Omit all images, then repeat exactly the lines below from the one containing "Fırat Havzası İçin" through the one containing "2013 VOLKSWAGEN PASSAT", both ends included.

▶ Data records:
---
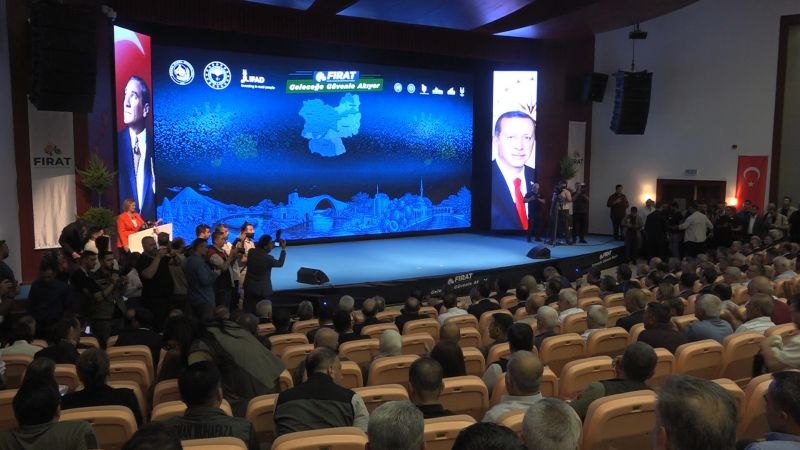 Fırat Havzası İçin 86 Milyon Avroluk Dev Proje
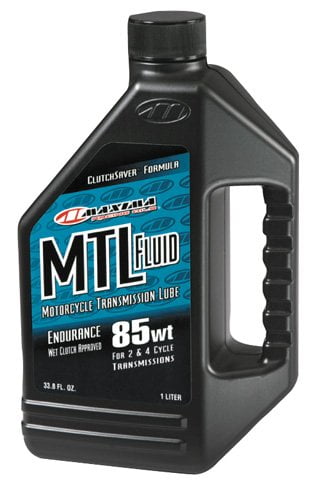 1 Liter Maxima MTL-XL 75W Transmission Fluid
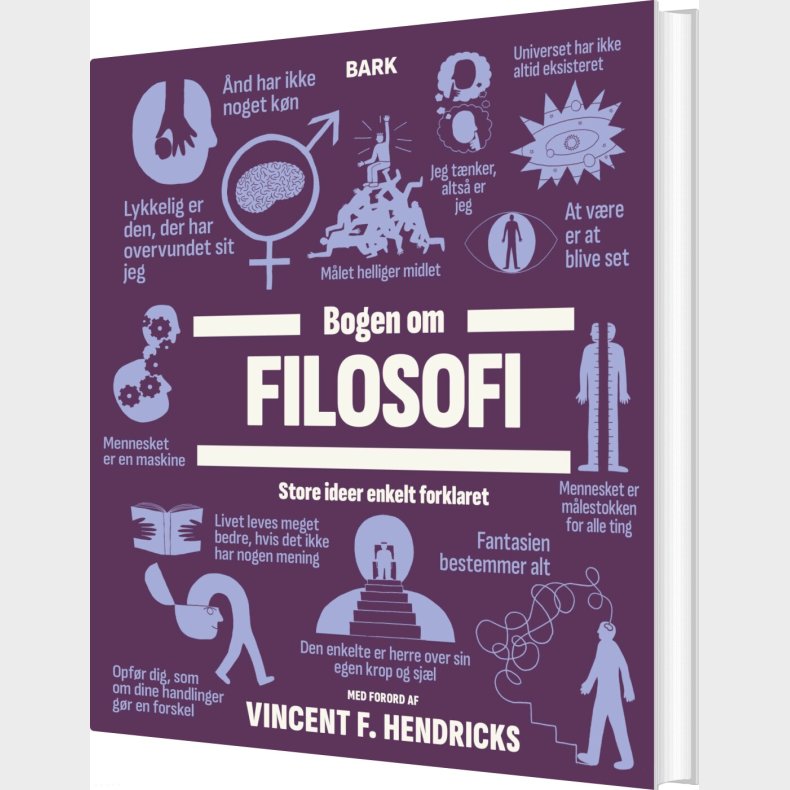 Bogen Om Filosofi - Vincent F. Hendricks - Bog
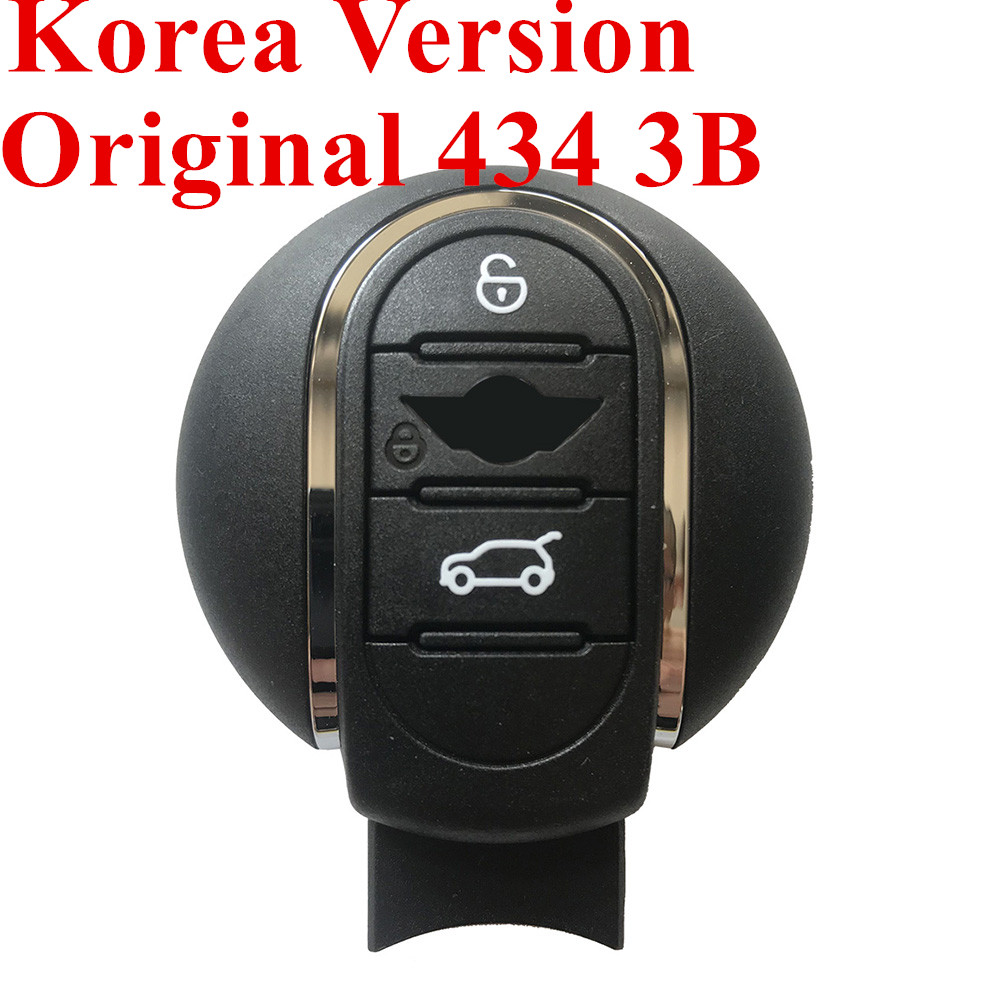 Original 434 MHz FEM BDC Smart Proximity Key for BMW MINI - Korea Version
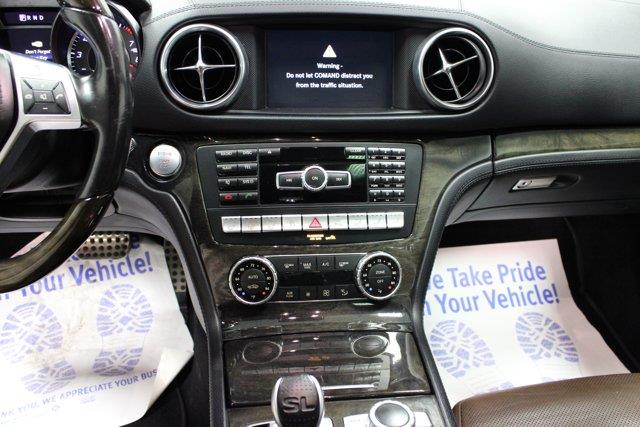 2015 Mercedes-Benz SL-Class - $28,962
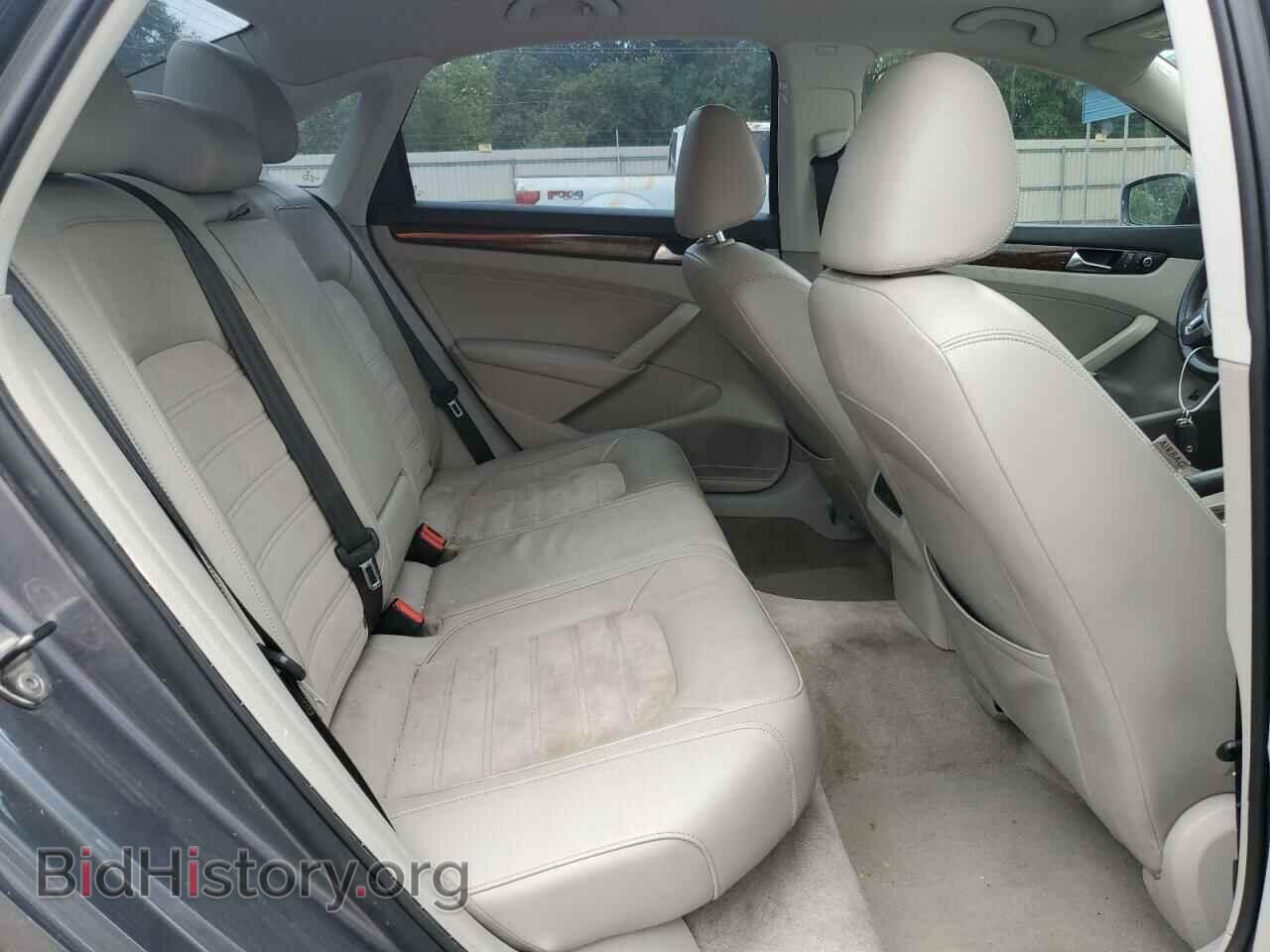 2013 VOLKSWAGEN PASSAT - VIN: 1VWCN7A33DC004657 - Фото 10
---
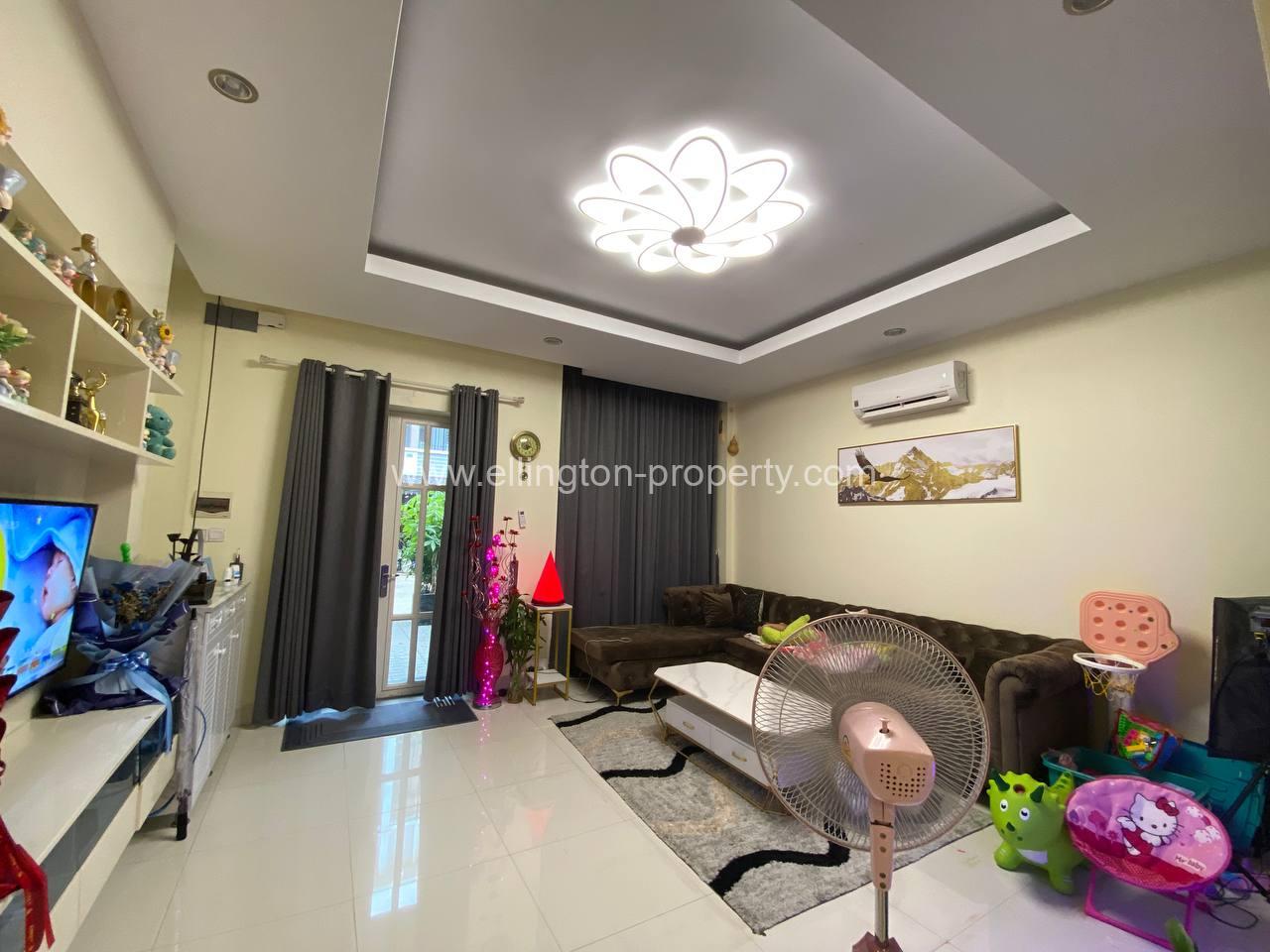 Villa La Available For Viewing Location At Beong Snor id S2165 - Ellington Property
---
▶ Output of the task:
 Fırat Havzası İçin 86 Milyon Avroluk Dev Proje
 1 Liter Maxima MTL-XL 75W Transmission Fluid
 Bogen Om Filosofi - Vincent F. Hendricks - Bog
 Original 434 MHz FEM BDC Smart Proximity Key for BMW MINI - Korea Version
 2015 Mercedes-Benz SL-Class - $28,962
 2013 VOLKSWAGEN PASSAT - VIN: 1VWCN7A33DC004657 - Фото 10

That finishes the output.